#### Input data:
━━━━━━━━━━

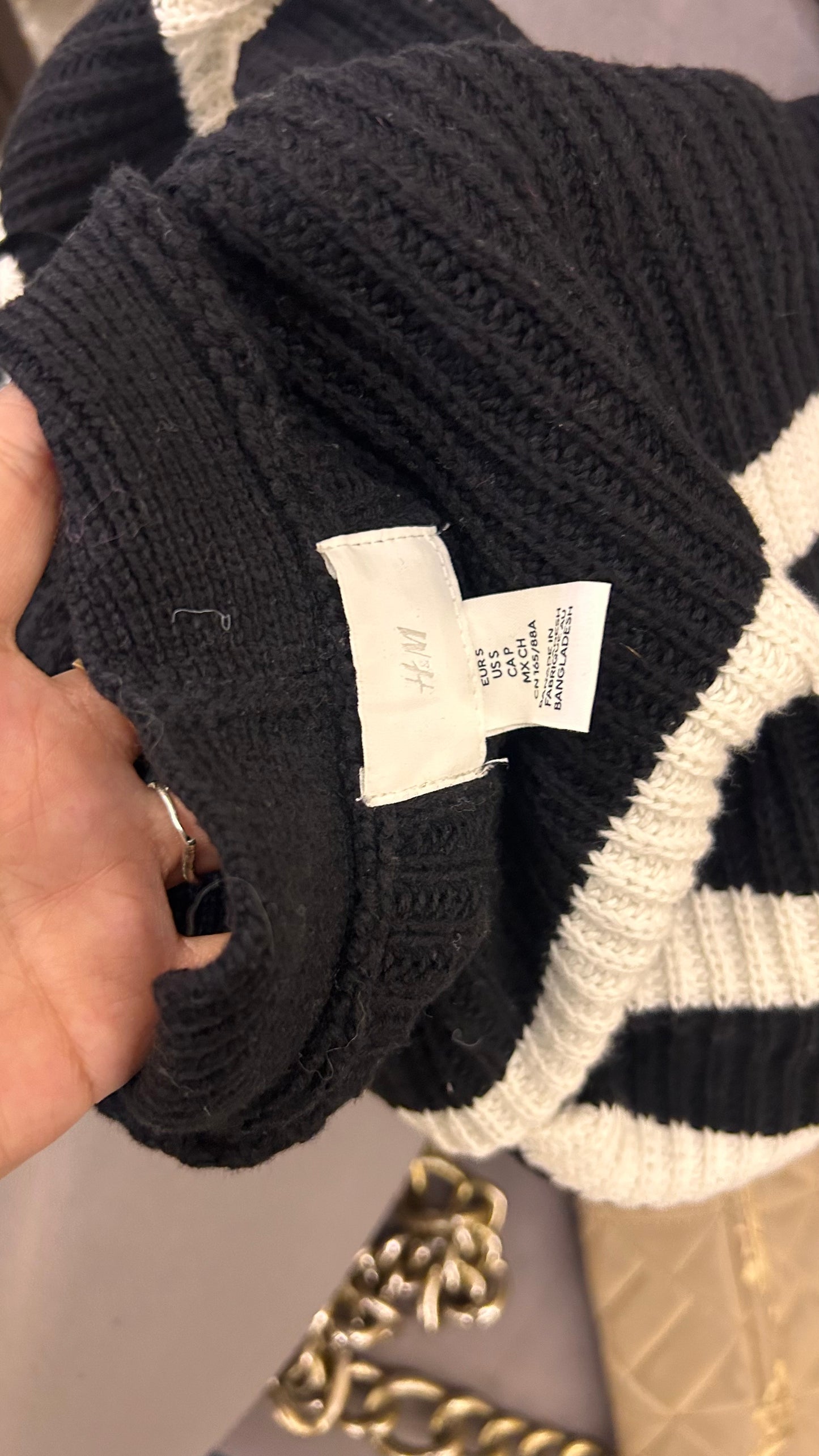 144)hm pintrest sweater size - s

━━━━━━━━━━

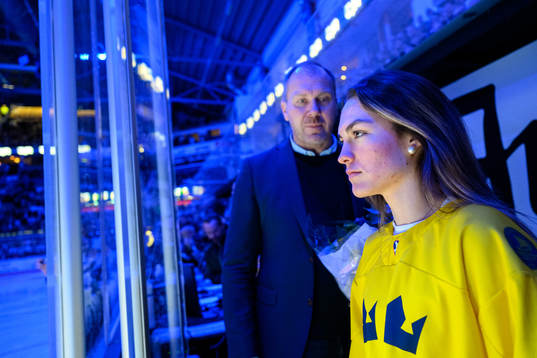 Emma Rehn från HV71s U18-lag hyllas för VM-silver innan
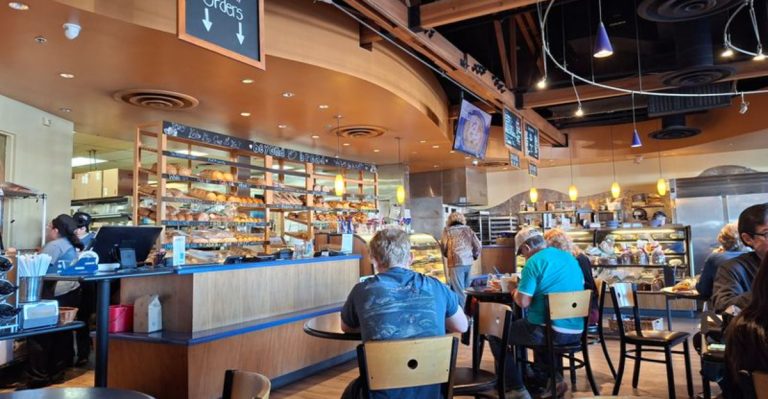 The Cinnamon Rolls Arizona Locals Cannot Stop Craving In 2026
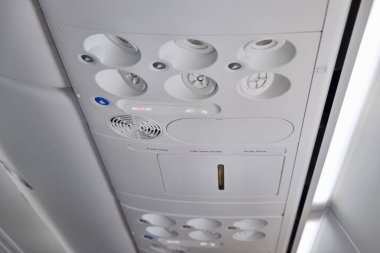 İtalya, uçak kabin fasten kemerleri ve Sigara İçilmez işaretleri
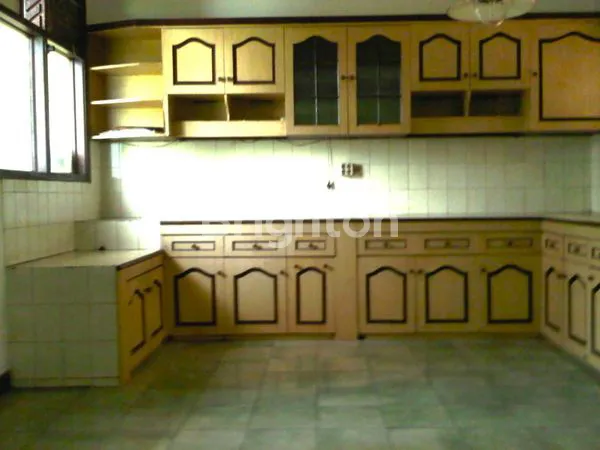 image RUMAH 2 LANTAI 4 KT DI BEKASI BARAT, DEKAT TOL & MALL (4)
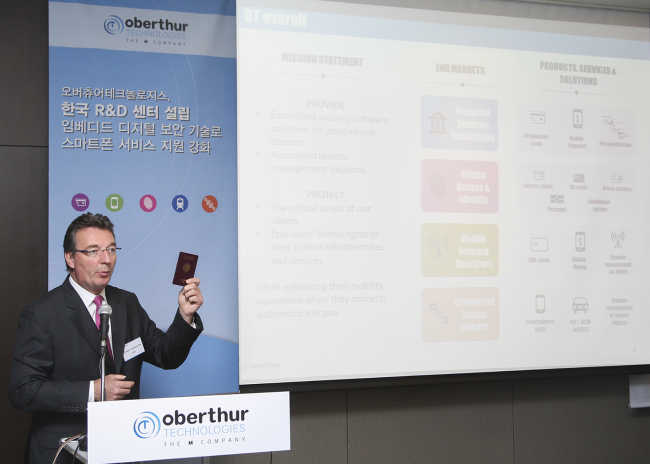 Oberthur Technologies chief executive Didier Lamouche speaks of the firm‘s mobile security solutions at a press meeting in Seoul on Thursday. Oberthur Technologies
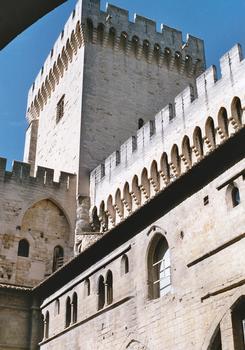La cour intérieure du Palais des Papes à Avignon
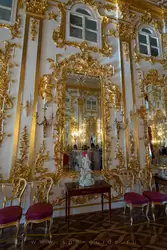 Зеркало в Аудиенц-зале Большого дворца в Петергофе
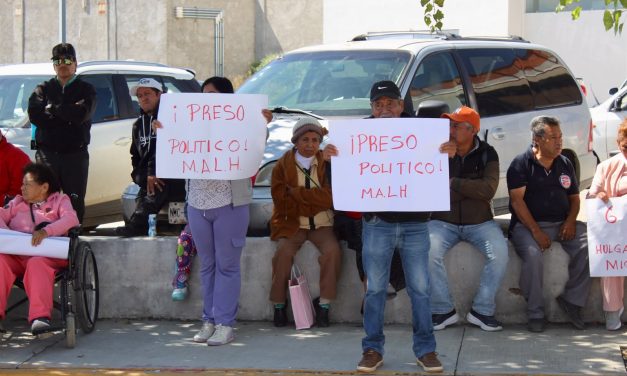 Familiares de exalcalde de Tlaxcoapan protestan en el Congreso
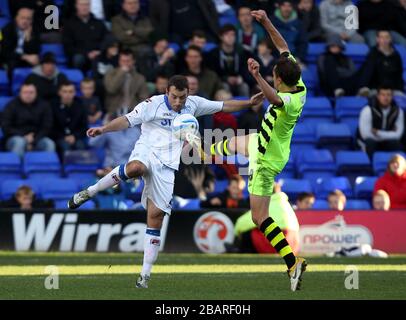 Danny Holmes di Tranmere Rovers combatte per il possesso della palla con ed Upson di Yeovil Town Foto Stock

━━━━━━━━━━

#### Work to be completed:
Above are the records; copy exactly the lines from the one with "Familiares de exalcalde" through the one with "Danny Holmes di", including both, and nothing more. Leave out pictures.

#### Result for this exercise:
 Familiares de exalcalde de Tlaxcoapan protestan en el Congreso
 Danny Holmes di Tranmere Rovers combatte per il possesso della palla con ed Upson di Yeovil Town Foto Stock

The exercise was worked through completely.